Following the middle markers the next most important ward locations are the red and blue buffs, these not only give you a nice boost to your performance but award you with a massive 600CP which makes a huge difference early game, and even late game. If you have these warded then you'll know where the enemy jungler is, if they've taken the buff yet and also be able to intercept them when they're heading for it.
Finally the alternate jungle entrances to the lanes are marked, these are less important but if you're facing an aggressive team they can really save your ass. You might notice that the middle lane entrances aren't marked but this is because they're covered by defensive buff wards.
Aggressive & Defensive Warding
Much like you can play aggressively and defensively you can also ward to match your playstyle, even if you're dominating the game wards can really help you out, by covering enemy jungle exits and buffs you'll always get the head start on the enemy hero and be able to avoid bad situations without missing a beat.
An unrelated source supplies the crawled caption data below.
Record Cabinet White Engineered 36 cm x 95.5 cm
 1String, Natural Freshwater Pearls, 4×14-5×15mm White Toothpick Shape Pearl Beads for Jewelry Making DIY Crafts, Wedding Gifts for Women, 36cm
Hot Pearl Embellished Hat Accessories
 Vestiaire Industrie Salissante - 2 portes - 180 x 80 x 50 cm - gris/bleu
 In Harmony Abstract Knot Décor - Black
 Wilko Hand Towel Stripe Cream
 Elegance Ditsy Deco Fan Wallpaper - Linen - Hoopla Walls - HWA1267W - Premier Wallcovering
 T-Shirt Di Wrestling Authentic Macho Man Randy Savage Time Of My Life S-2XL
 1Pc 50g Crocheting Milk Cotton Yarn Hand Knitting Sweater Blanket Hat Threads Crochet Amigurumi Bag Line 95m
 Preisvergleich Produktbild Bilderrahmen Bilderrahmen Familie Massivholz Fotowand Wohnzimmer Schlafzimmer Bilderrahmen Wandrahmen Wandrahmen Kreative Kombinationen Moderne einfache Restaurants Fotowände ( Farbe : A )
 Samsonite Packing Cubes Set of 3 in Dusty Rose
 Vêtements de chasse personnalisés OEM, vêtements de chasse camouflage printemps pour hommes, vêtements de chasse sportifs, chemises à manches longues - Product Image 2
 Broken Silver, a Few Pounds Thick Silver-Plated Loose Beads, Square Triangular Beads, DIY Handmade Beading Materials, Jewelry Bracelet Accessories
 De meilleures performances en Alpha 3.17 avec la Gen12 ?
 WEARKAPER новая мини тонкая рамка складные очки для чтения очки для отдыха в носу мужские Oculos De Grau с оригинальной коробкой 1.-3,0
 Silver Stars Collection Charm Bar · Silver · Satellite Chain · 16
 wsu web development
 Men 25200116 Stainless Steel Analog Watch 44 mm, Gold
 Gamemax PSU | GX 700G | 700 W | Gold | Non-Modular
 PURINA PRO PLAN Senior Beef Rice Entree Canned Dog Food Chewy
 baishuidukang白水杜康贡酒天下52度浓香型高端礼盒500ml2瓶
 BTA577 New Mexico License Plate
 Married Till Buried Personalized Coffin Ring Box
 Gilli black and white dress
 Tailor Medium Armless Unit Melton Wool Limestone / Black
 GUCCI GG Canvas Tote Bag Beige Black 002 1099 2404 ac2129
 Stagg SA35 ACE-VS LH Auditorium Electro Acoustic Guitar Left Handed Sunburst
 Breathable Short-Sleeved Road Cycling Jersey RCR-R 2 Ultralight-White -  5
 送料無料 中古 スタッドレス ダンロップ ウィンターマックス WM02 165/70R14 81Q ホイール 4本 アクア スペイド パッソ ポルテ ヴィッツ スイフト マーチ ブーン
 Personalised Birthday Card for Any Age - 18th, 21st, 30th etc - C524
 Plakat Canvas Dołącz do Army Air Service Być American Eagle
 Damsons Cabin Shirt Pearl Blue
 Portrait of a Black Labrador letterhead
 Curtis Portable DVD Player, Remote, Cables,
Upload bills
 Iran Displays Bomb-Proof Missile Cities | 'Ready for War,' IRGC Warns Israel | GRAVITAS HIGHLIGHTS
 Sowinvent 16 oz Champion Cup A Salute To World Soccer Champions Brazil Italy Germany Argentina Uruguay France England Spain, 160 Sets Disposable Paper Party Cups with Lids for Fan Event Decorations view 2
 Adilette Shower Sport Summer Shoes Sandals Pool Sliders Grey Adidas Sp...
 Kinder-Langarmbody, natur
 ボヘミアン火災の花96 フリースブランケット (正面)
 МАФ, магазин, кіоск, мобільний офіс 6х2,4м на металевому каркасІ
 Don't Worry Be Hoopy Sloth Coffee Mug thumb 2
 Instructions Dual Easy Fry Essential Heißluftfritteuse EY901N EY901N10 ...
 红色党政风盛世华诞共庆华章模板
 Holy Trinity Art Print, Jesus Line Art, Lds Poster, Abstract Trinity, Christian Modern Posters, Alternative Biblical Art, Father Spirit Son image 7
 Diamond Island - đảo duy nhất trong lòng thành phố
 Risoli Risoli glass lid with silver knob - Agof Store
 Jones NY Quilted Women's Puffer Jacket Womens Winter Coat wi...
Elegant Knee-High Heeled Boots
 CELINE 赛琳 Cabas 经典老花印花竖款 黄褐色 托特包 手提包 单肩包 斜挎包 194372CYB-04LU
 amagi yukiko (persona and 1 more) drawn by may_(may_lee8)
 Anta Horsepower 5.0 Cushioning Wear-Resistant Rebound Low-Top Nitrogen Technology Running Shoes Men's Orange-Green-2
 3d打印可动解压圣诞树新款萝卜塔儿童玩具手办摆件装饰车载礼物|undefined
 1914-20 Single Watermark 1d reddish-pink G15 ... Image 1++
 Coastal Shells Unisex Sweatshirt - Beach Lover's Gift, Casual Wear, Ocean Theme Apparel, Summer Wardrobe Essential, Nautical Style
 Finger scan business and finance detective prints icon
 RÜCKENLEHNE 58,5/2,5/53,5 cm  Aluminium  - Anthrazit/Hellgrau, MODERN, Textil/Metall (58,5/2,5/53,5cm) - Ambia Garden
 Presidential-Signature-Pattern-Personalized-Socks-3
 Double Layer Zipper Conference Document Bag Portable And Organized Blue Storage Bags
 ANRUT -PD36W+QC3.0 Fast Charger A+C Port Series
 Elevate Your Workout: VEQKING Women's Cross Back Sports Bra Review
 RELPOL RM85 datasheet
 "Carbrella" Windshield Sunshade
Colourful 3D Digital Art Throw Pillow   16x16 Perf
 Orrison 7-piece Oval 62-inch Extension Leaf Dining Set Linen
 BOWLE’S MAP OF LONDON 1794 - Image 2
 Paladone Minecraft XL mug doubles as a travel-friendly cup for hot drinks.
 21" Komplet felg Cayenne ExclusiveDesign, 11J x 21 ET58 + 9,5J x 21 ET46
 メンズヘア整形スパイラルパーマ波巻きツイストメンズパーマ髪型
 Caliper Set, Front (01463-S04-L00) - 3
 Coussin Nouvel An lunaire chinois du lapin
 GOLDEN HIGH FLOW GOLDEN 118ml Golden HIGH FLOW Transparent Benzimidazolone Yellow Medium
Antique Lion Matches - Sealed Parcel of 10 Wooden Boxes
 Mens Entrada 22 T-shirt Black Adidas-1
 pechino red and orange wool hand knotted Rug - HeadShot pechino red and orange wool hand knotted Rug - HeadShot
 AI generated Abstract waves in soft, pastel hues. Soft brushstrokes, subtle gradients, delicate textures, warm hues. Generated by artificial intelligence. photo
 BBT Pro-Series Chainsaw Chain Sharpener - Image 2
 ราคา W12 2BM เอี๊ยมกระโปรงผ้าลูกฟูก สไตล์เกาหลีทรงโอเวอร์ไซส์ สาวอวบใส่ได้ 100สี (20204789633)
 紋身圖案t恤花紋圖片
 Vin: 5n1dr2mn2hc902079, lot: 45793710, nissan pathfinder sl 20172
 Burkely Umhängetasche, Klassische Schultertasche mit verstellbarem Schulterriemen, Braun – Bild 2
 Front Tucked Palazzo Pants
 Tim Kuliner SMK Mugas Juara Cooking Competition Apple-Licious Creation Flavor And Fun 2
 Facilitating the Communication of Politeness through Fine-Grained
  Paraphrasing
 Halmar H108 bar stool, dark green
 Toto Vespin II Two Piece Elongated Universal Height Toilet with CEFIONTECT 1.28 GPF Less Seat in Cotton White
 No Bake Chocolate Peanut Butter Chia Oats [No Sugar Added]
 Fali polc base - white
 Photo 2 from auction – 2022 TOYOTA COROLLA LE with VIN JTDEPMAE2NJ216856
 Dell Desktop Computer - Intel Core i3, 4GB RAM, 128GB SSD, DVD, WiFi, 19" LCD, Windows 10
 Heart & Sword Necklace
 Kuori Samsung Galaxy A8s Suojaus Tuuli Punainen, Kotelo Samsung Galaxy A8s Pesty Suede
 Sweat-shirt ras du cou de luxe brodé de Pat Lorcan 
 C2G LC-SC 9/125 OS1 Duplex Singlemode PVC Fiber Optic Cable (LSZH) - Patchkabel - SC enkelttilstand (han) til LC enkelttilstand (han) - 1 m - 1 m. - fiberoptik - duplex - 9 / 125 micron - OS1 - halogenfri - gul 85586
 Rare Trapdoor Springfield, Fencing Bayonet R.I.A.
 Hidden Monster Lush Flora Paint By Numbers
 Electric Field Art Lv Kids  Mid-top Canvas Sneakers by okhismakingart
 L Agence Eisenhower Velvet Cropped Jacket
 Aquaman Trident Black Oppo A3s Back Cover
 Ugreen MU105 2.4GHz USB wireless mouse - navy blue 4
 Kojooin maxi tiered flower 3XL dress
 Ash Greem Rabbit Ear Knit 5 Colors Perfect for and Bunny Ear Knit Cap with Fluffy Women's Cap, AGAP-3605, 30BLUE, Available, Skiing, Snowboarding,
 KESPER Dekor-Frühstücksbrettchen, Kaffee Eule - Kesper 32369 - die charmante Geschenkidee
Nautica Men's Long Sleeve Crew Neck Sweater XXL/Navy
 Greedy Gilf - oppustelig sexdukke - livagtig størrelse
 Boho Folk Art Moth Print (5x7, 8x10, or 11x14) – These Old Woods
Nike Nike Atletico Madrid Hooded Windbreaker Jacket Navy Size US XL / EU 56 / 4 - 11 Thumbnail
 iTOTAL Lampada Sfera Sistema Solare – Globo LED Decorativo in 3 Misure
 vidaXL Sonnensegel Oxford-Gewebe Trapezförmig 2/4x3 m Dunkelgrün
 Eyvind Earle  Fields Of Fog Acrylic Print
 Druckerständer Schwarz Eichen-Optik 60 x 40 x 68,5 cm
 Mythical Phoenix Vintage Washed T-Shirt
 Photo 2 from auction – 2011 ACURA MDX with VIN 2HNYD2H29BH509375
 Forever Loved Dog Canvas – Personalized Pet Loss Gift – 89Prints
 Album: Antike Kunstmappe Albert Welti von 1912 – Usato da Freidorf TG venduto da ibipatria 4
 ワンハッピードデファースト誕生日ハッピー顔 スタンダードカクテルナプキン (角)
Adjust your ward strategy depending on your playstyle, if you're gaining a lead push your wards up, if you're getting pushed back, bring them closer to home. This will allow you to react to enemy movements and let you monitor the battlefield.
Wards, The Future
Warding is one of the easiest things you can do in Paragon (or any MOBA for that matter) but out of all the things you'll read in this post, warding is the one thing that will consistently improve your gameplay for the least time investment, wards will win you games, in war information is the key to victory.
Oh and one last thing, people who purchase wards and NEVER USE THEM really, really, really grind my gears, so if you have ward card? USE IT!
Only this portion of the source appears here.